What does the term “customer service” mean to you?
According to Wikipedia, the definition is:
The provision of service to customers before, during and after a purchase.
That definition is key to understanding why some photography studios are busy, and others aren’t. The difference is in their understanding of what customer service truly is, and how often and when they connect with their loyal customers throughout their business life.
Customer service isn’t just how you handle the customer in a face-to-face conversation. Customer service extends to every point of contact you have with a person, from when they first notice you, until the moment you shut your doors and close down your business.
If you want to move ahead of your competition, make sure you have these 10 steps in place.
1. Have multiple ways to connect with potential customers.
And more importantly, check each source on a regular basis. In today’s world, people can connect with us via phone, email, text, Facebook and Twitter. And that just scratches the surface. While it is important to have multiple ways for a potential customer to connect with you, its even more important that you check each communication source regularly so you can answer questions immediately.
2. Use technology wisely.
If someone leaves you a voice message, let them know what to expect in return. If they send an email, send out an autoresponder message with the details. No matter what tools you use, you have a way of further connecting with your prospects and customers. Use it wisely.
For example, it’s easy to set up different forms and email addresses for different parts of your business. If you have a wedding page, when people fill out the form inquiring about your wedding services, use an autoresponder back to explain your services in more detail, and let them know you’ll be in contact in the next 24 hours to discuss their plans. Easy to do – and puts you one step up on the ladder of professionalism.

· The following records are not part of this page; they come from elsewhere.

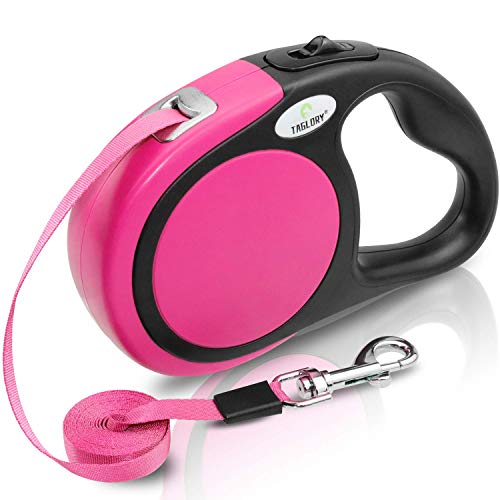Taglory Correa Extensible Perro medianos y pequeño, Cuerda para Perros retractil, Nylon Fuerte Adecuado para Perros de hasta 20 kg, sin enredo y manija Antideslizante,Rosa
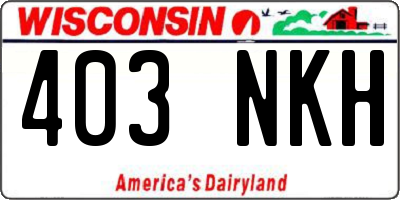 WI license plate 403NKH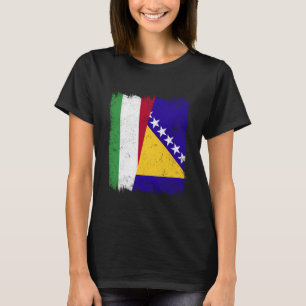 Hungary Bosnia and Herzegovina Half Flag T-Shirt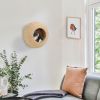 PawHut Wall Mounted Cat Condo, Nature Wood, with Washable Cushion, Cat Wall Shelf for Indoor Cats & Kittens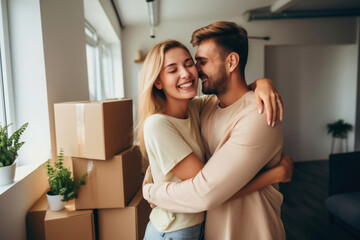 Young happy married couple in their new home after moving in. Unpacking boxes after moving into a new apartment. New homeowners. Mortgage. Rental of property. - obrazy, fototapety, plakaty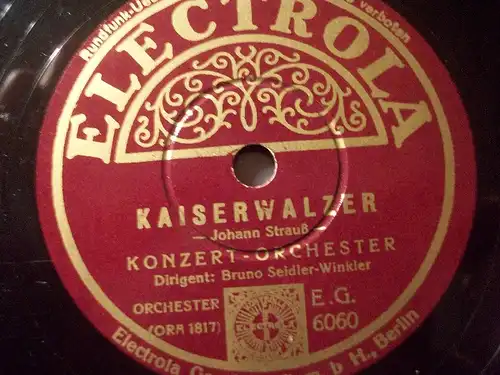 BRUNO SEIDLER-WINKLER "Kaiserwalzer"10" Electrola 78rpm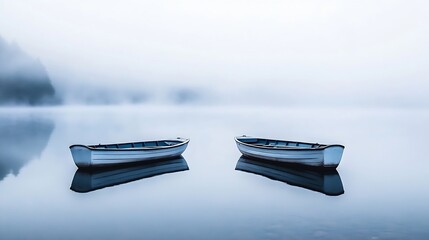 Aufkleber - Two small, blue rowboats peacefully rest on a still, misty lake, their reflections mirroring the tranquil scene.  The fog obscures the distant shoreline, creating a serene and mysterio : Generative AI
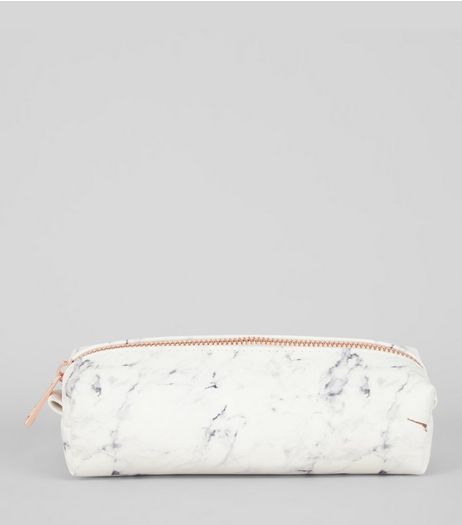 White Marble Pencil Case | New Look
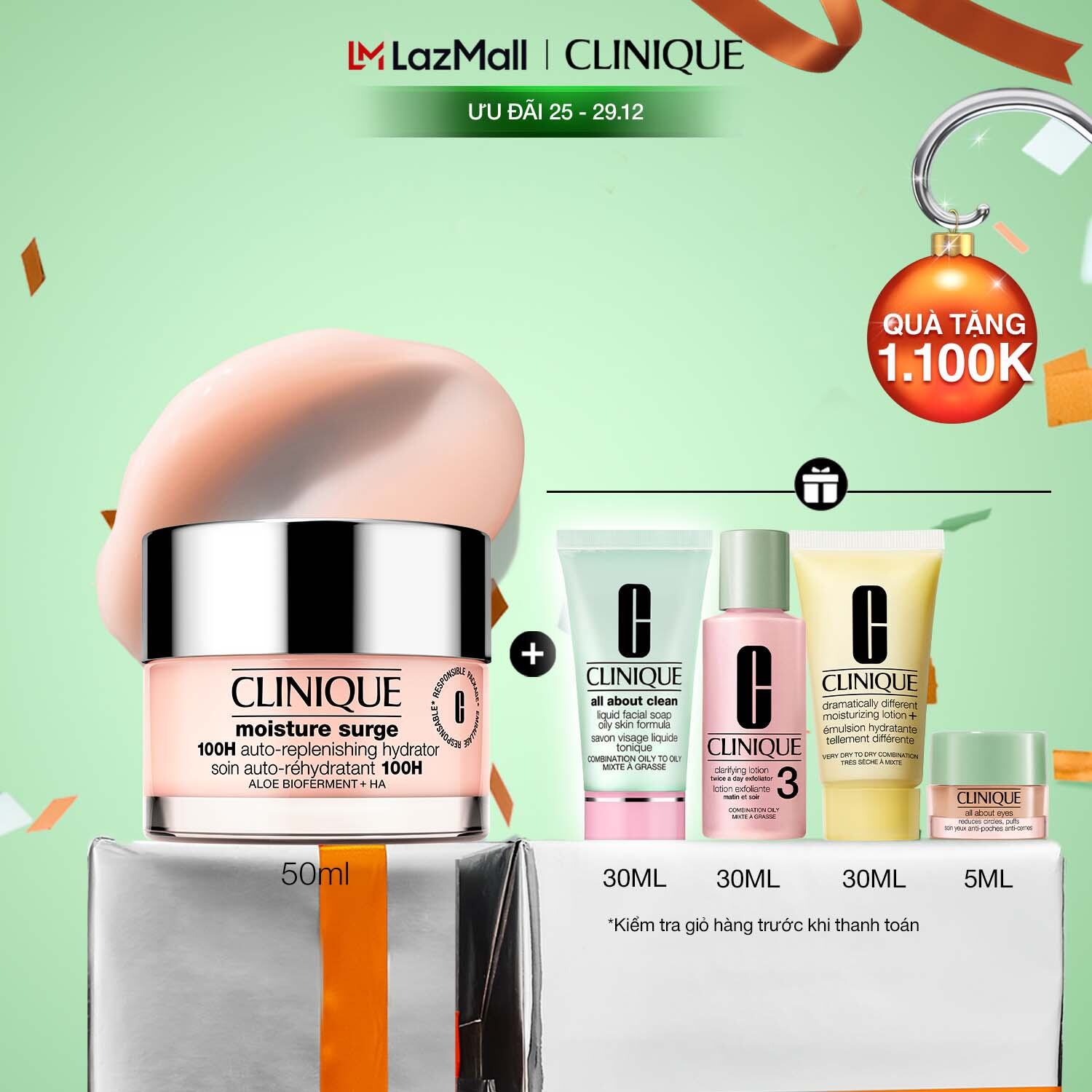 Kem hồng dưỡng ẩm tức thì 100H Clinique Moisture Surge 100H Auto-Replenishing Hydrator - Moisturizer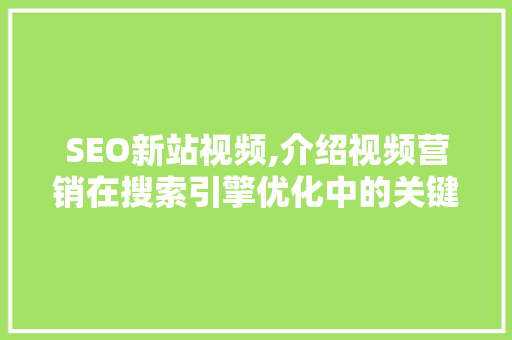 SEO新站视频,介绍视频营销在搜索引擎优化中的关键步骤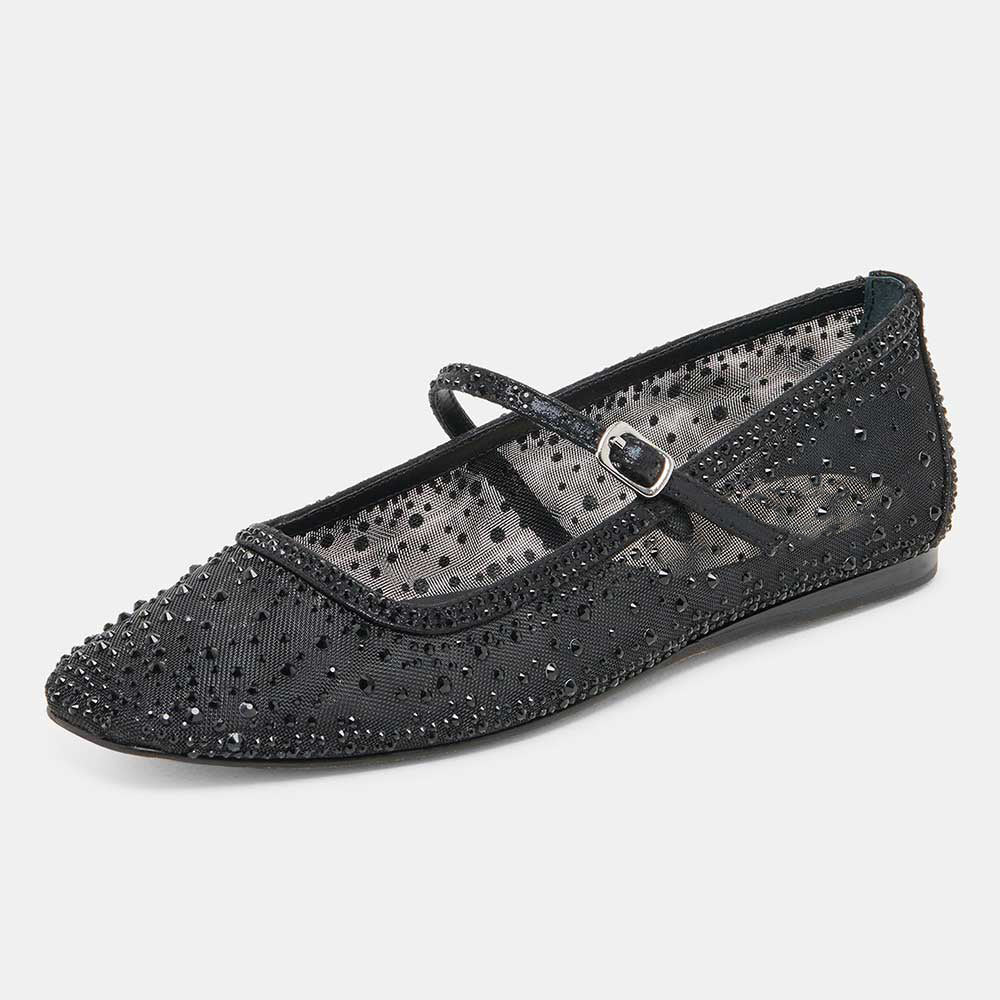 Black All-Over Rhinestone Square Toe Buckle Strap Mesh Flats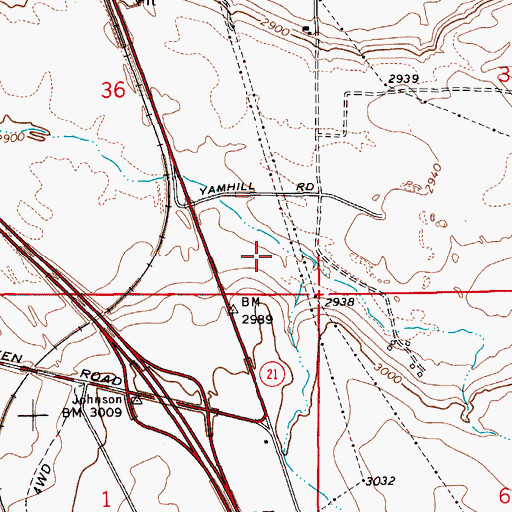 Topographic Map of Oregon Trail Post Office, ID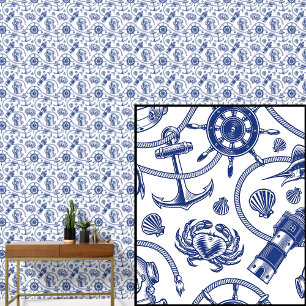 Papier Peint Marine Blue Nautique Design sur blanc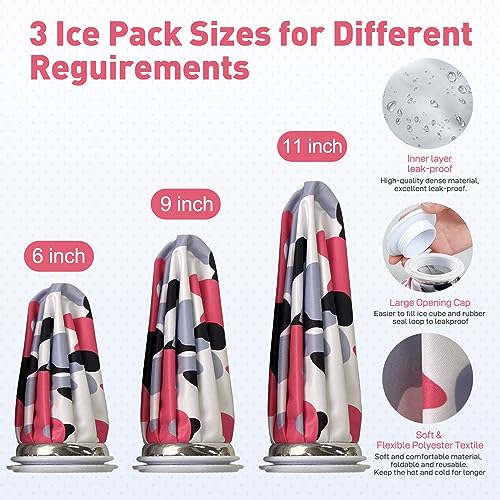Ice Pack for Injuries Reusable, Ice Bag for Injuries Hot Water Bag for Hot & Cold Therapy, No-Leak Ice Bag with Elastic Breathable Support Wrap, 3 Sizes 6/9/11" - size: 6/9/11 Inch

3. Show up on time for appointments.
It doesn’t matter how you connect with your prospects and clients, being on time sets the stage for future business. If you set up a phone call, make sure you dial their number on time. If you’re meeting in a coffee shop, be there a few minutes early so you can pick the perfect table, and have your laptop and other materials set up and ready to go. And if you are there for the shoot, be ready to go, camera and ideas in hand at the exact timeframe you selected.
4. Listen first, respond second.
Being in business for yourself means you have to take everything in consideration, and you may not always be right. In order to keep problems from gaining the upper hand, it’s sometimes necessary to give your customers a little more than what you originally intended. That’s not the same as being a pushover. Listen to what they are asking for, and how you may have had a misunderstanding. And if there is anything you can do to make things right and keep the relationship intact, do it. Your business is at stake.
Dig Deeper: 7 Ways To Handle The Negative From Prospects
5. Be polite.
Do you remember the book “All I Really Need to Know I Learned in Kindergarten”? When you were little, you were constantly reminded to say please, thank you, and your welcome. Just a few little words, and yet they mean so much to the person receiving them. Head back to the basics, and remember to say little things to your customers.
6. Give more than you promise.
This is easy to do, and requires just a bit of planning. Let me give you an example.
If you know your average turnaround on production work for portraits is one week, promise final delivery to your customers in two. This will build a week of buffering into your schedule for the unexpected problems, and will ensure that you can easily get your clients orders out in two weeks. And because you normally can get things out in one week, in most cases you’ll be able to “surprise” your customers with a phone call in one week letting them know everything is ready.
7. Don’t give something you can’t deliver.
Know your limitations, and never agree to something you know will be almost impossible to deliver on.
We would hit this every year around the holidays. Clients would inevitably call a week before Christmas, asking if they could have an enlargement framed and ready for gift giving for the big day. In the early days, we said yes, and struggled night and day to get the image ready for delivery. It wore us out.
Our solution was to pick a date on the calendar, and use that as our “drop dead” date for orders for the holidays. We would create postcards, and send them out to all clients from the previous year that may wish to place an order. We highlighted the date, and said we made no guarantees on delivery on anything placed after that date. It worked like a charm. Our orders went up because it made customers think about gift giving, and they chose to place orders they might not have placed. And if someone called in after the date, they invariably would say, “I know this order is late, so I’ll just give [mom, dad, etc] a card on the big day and they know to expect it a little after the holidays.” You can always look like the “hero” and get the final image to them in time for the holidays – but its your choice, and you don’t look bad if you can’t deliver.
8. Handle disputes quickly.
Occasionally you’ll have a distraught customer that doesn’t understand an invoice or contract, or feels they didn’t get 100 percent of what was coming to them. Handle the situation quickly and efficiently; don’t put it off hoping it will go away. The easiest way to diffuse the situation is with a question: What can I do to make this right? We learned very quickly that customers often require very small things in order to make a situation right. You may be ready to hand over a ton of things – and they simply want a tiny correction. If you give too much, they may begin to think the problem was bigger than it truly was. But if you give them exactly what they want, they’ll be happy.
9. Have a plan for connecting with prospects.
How often do you connect with potential customers when they are in the decision making phase? If you don’t have a plan, sit down and create one. Think about how they connect with you, and what messages they receive. What do you email them? What is in your voice mail? Do you send a thank you note after you visit one on one? Soft selling means establishing a friendship by being there ready to answer questions, not by coming down hard and trying to bring in the sale at every chance you can get. The more you plan for quick messages, the easier the sale will be.
10. Have a plan for connecting with customers for life.
Once the sale is complete, you never have contact with the customer again … right? Nothing could be further from the truth. These are now your best customers, your walking billboards, your raving fans. These are the people that can bring in more people to your business than you know what to do with.
This is what separates the average from the success.
Create emails, newsletters, brochures and postcards. Hold events and parties. Always hold your customers close to your heart, and connect with them every chance you get. They are vital to the future of your business.